Mansfield Engineered Components
- Company type: Private
- Founded: Mansfield, Ohio, 1939
- Headquarters: Mansfield, Ohio
- Key people: Bruce Cummins, CEO; Steve Cummins, Executive VP
- Products: Closure mechanisms, counterbalances and hinges for the major appliance market.
- Number of employees: 220
- Website: http://www.mansfieldec.com

= Mansfield Engineered Components =

Mansfield Engineered Components is a Mansfield, Ohio-based company that designs and manufactures closure mechanisms, counterbalances and hinges for the major appliance market.

== History ==
Mansfield Plating Company was founded by Otis Cummins Jr. in 1939. It provided metal finishing services for the automotive, appliance and furniture markets.
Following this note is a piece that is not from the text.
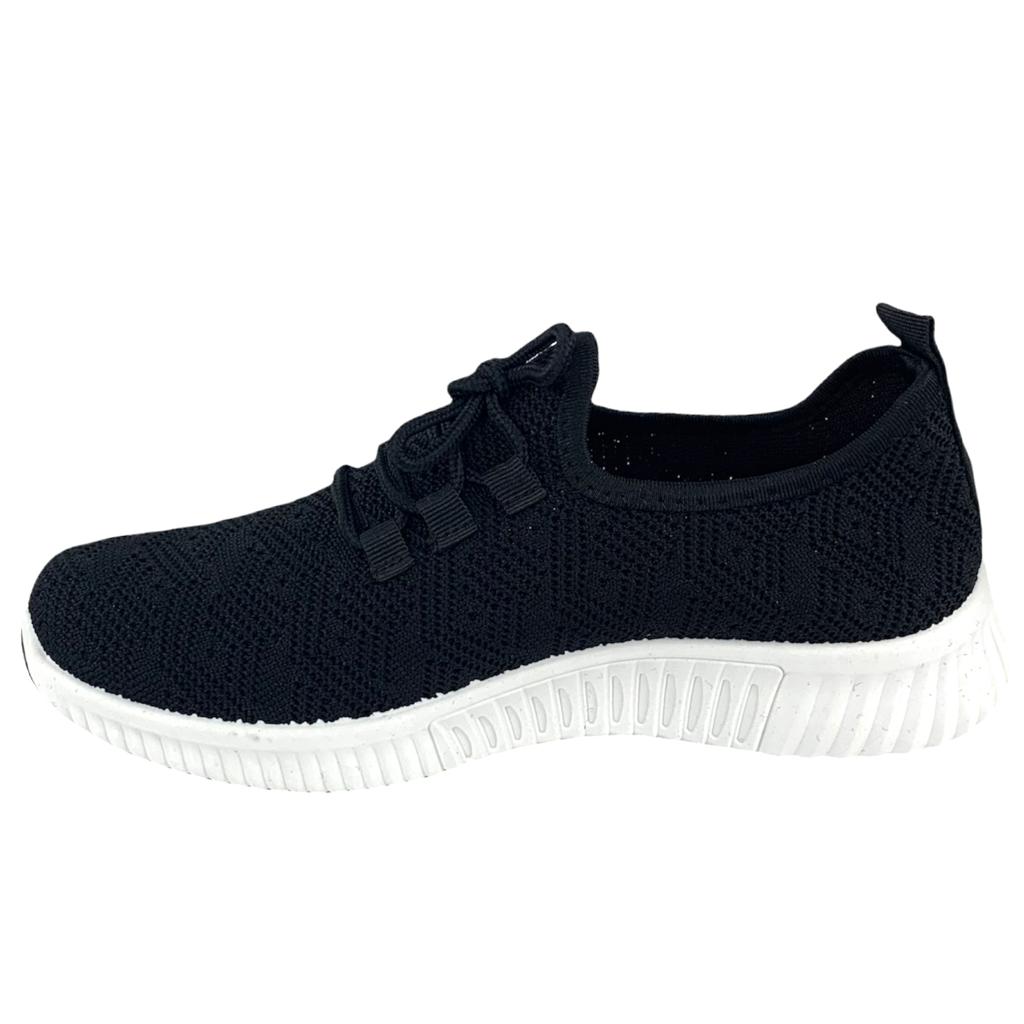 Black Knit Lace-Up Round Toe Comfort Women's Sneakers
In the 1960s, Cummins and his son Otis “Koke” Cummins III formed Mansfield Manufacturing, fabricating metal components for the company’s existing markets. The two companies merged to become Mansfield Industries in 1972. Another company, Mansfield Assemblies, was founded in 1987 to provide contract manufacturing and assembly operations. Mansfield Assemblies added a design and engineering group in 1989.
On October 13, 2011, Mansfield Industries and Mansfield Assemblies announced a new name, Mansfield Engineered Components.
In July 2023 MEC entered into a strategic partnership with The Sabaf Group, a world leader in the design and production of components for major appliance markets. Through the agreement, The Sabaf Group, based in Ospitaletto, Italy, acquired 51 percent ownership of Mansfield Engineered Components. The company continues to operate in its existing facilities, in Mansfield, Ohio, with its current management and existing employee base.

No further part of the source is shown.